I’m enjoying Lulu. She has adapted now and is a very happy camper here with me.
Such lovely comments. I too felt all cozy and warm while reading. You made me think of my Polish grandmother Mary who I lived with when I was a teen in Fairfield Connecticut. Your afghan would be a great symbol for her old fashioned, white picketed fence kinda home complete with an apple tree, a vegetable garden and hydrangea bushes, known by her, as snow balls enveloping the front yard. I can even feel the breeze billowing from the beach that began at the base of her road. Beautiful prose indeed.
Hi Susannah. Thanks for your lovely comments. It makes me happy to know I evoked some pleasant childhood memories for you. I think my role as the grandmother is to create memories for my little ones.
The afghan — I had just finished it when I started this post. A photo of it seemed appropriate. I have made a goal recently of using up yarns and fabrics that I have on hand. I’m trying to learn to be more of a minimalist. Wouldn’t you know — I had to go out and buy more of the dark gray in order to finish the project. At least my intention was pure.
Thanks for reading.
Thats a lovely read. I don’t have grandchildren but I look forward to them. I agree that multi generational households are so much richer to live in, though sadly unfashionable. As for your five year old grandchild with her bag. she sounds like a real treasure to me
Hi Ducks. Thanks for your kind words. You are going to love having grandchildren. That little five year old entertains me without even trying. She is so busy and funny and yes, a real treasure.
Love this post. It made me smile. And look at you…you have a new kitty!!! Lulu is very pretty.
Hi Amy! I’m glad I could put a smile on your face. Lulu is helping me to smile more. She’s a sweet kitty.
I live in a very expensive city where it is becoming more and more common to have extended family living together. Most new houses here are built with a mother-in-law quarters or downstairs apartments or some sort of separate-but-attached dwellings. My own house is like that.

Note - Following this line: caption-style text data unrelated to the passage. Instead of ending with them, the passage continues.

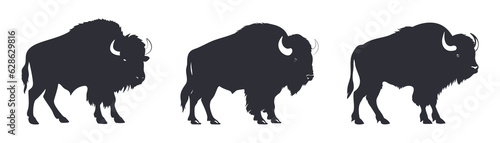 Bison vector Illustration black silhouette icon t-shirts cards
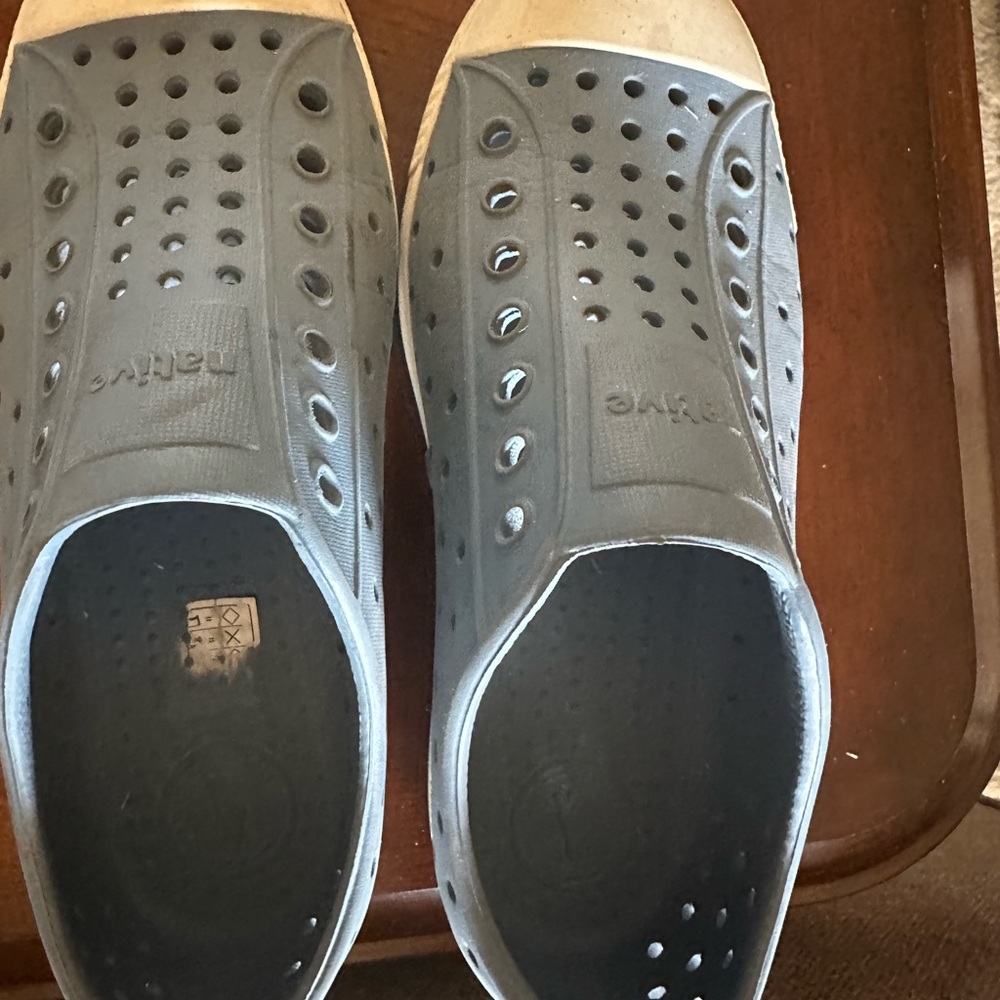 Native Kids Blue Slip-On Loafers with White Toe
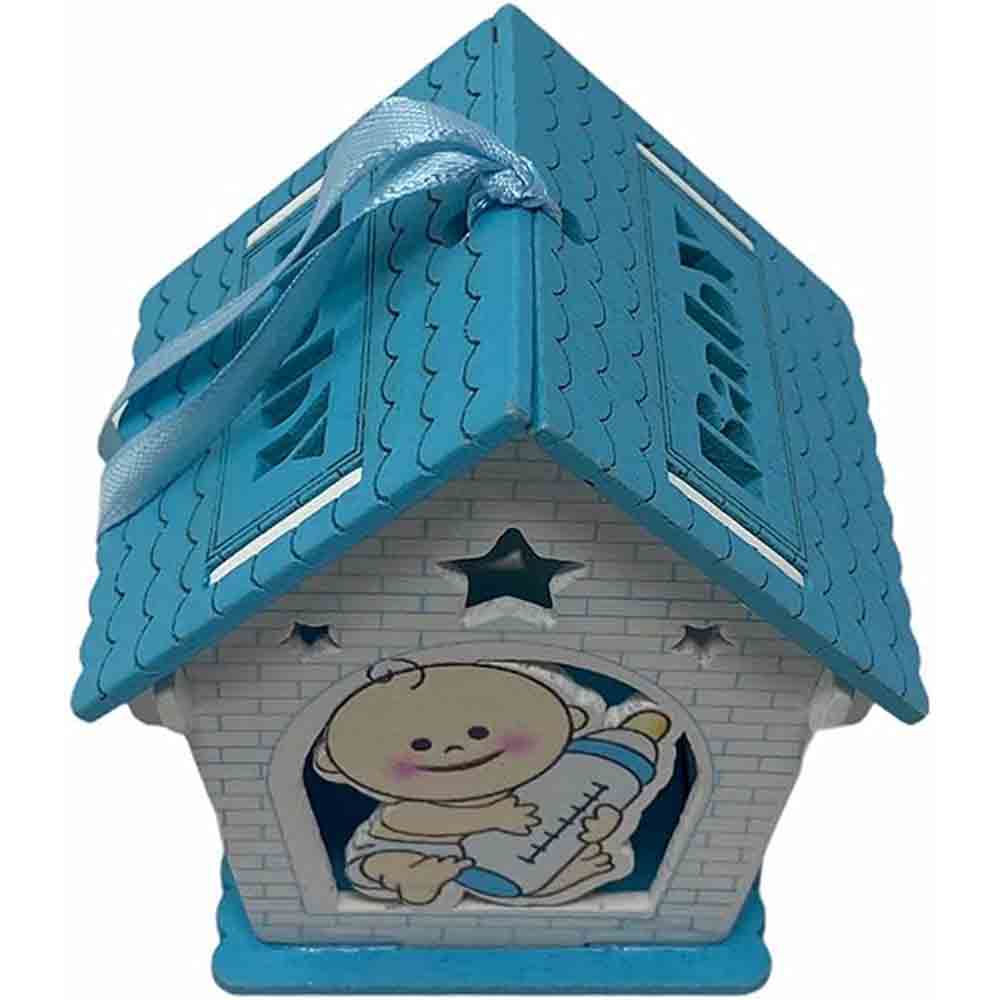 Set 12 Bomboniera battesimo scatolina in legno portaconfetti a casetta per Nascita Bimbo con biberon Rosa e Celeste - enzoled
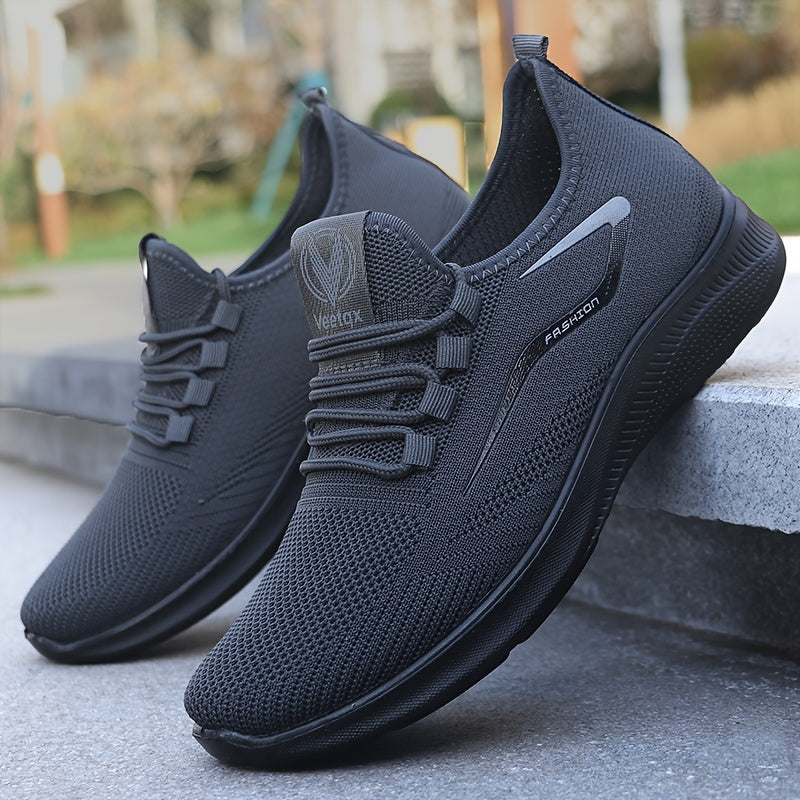 Solid Breathable Durable Sneakers For Outdoor Jogging - Men's Comfy Training Shoes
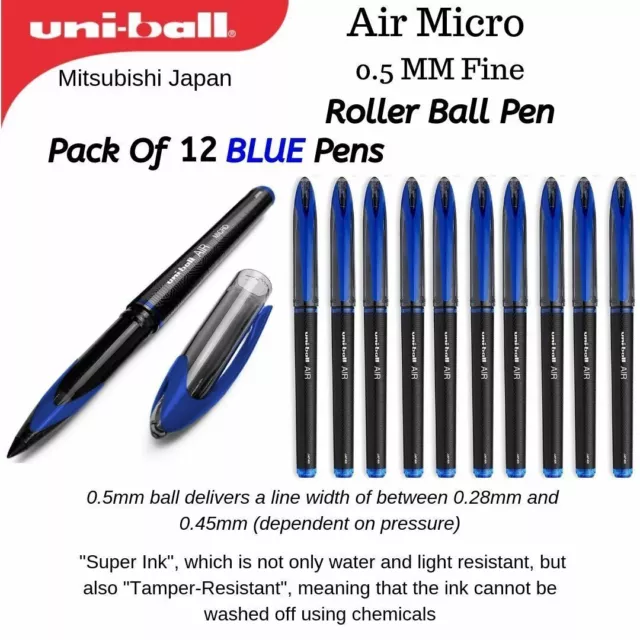 12 X Stylo roller UniBall AIR MICRO UM188, SUPER INK FLOW, encre bleue fine...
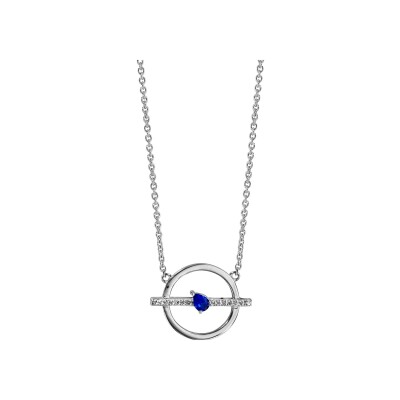 Collier argent rhodié cercle et barette oxydes blancs sertis et 1 navette bleu fonce 42+3cm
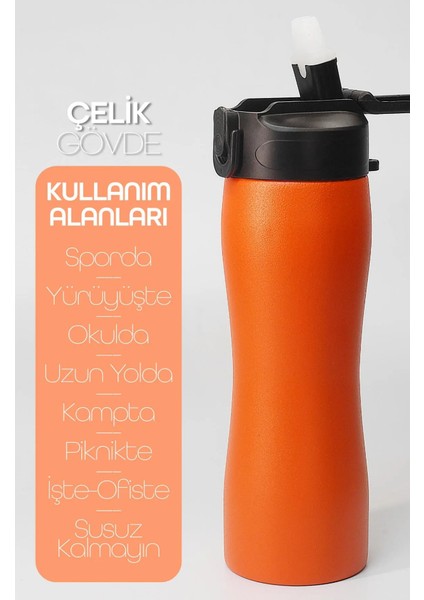 Pipetli Paslanmaz Çelik Matara - 304 Çelik Spor Suluk Bpa Içermez Taşınabilir Tasarım - Turuncu Renk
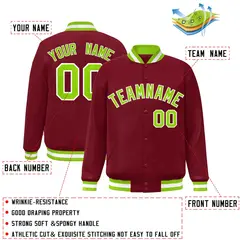 Crimson Neon Green-White Varsity Full-Snap Letterman Jacket 2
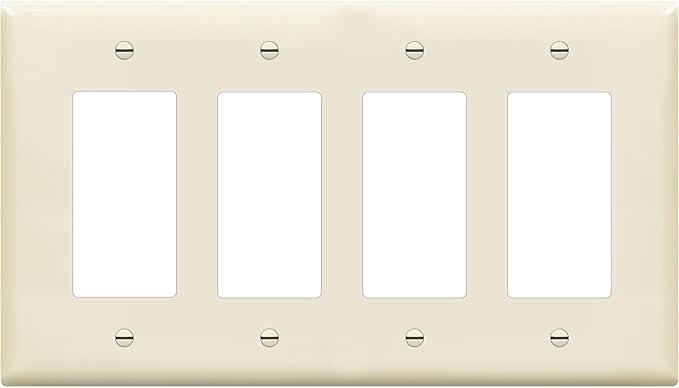 ENERLITES Quadruple Decorator Switch Cover, Four Gang Outlet Wall Plate, Gloss Finish, Mid-Size 4-Gang 4.88" x 8.58", Unbreakable Polycarbonate Thermoplastic, UL Listed, 8834M-LA, Light Almond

We have a complete downstairs apartment which my daughter and her family rents from us. They have thought about buying their own place, but it is so convenient for them here. They are in a good neighborhood and there is always someone to lend a hand when needed.
Of course, it is sometimes not easy to live with in-laws, but on both sides we have learned how to live this way. I love it. It was the main thing that got me through the dark days right after I learned of my husband’s betrayal.
Glad you have Lulu now!
Hi DJ. I can’t help thinking that more and more families will do as your family does. I do think it’s nice that your daughter’s family has a separate apartment. Seems like the perfect arrangement for all concerned.
It would have helped me through the dark days, too. In face, when I’m particularly down I go across town to see the children. They never fail to cheer me.
Lulu and I are good for each other. It’s good to know there’s a living, breathing being inside as I unlock the door.
Ahhhhhh, Pat, your posts make me feel warm inside.
Lulu is a doll. I am sure you will both fall in love w/ one another.
One of my fave. things to do is to rest my head on my cat and listen to him PUrrrrrr.
Love to you, dear. Xxx
What a wonderful compliment, Chickie. Thank you. See comment above about Lulu. She likes to sit next to me on the couch at night while I read or watch TV. If I get up even to get a drink of water, she goes back to her bed. After I sit back down for a while she comes back and purrs for me. I’m loving having her.
What a lovely post Pat – as I read I felt part of that wonderful chaos that you describe. I have to say that as for your “little missy” she has good taste – the Earl Grey tea no less. Lulu is a wee stunner. Isn’t it wonderful what comes out of unexpected chaos!
Thanks for your kind words, Jacqui. I’m still laughing about “little missy” and the tea. I wish you could have seen us looking for it. As for Lulu, she and I are getting fonder of one another every day. This morning she came upstairs looking for me. I’ve learned not to push myself on her. I let her come to me.